— DATA UNDER STUDY —
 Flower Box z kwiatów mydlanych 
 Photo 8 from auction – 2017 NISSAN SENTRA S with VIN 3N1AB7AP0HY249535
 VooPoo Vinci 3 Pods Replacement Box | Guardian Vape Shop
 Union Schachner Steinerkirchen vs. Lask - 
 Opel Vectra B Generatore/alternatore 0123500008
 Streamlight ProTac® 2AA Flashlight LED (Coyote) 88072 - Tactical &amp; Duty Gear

==

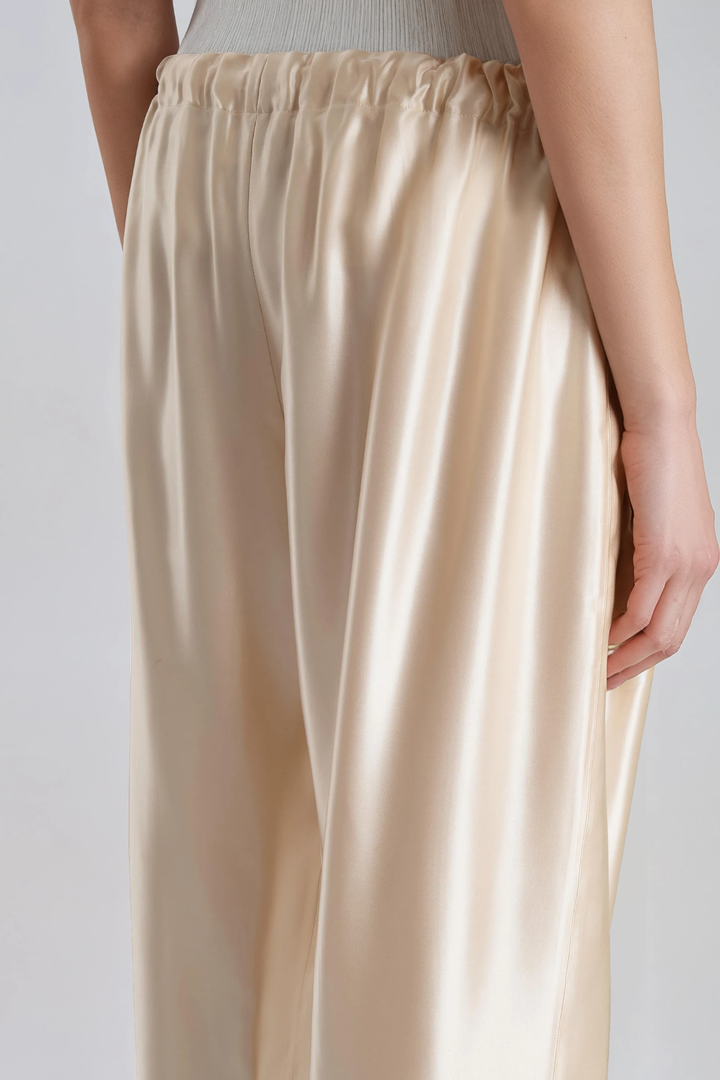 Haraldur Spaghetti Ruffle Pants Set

— WHAT IS BEING ASKED —
All lines above from the one containing "Photo 8 from" to the one containing "Streamlight ProTac® 2AA" must be repeated exactly, both lines included, and no others.

— SOLUTION —
 Photo 8 from auction – 2017 NISSAN SENTRA S with VIN 3N1AB7AP0HY249535
 VooPoo Vinci 3 Pods Replacement Box | Guardian Vape Shop
 Union Schachner Steinerkirchen vs. Lask - 
 Opel Vectra B Generatore/alternatore 0123500008
 Streamlight ProTac® 2AA Flashlight LED (Coyote) 88072 - Tactical &amp; Duty Gear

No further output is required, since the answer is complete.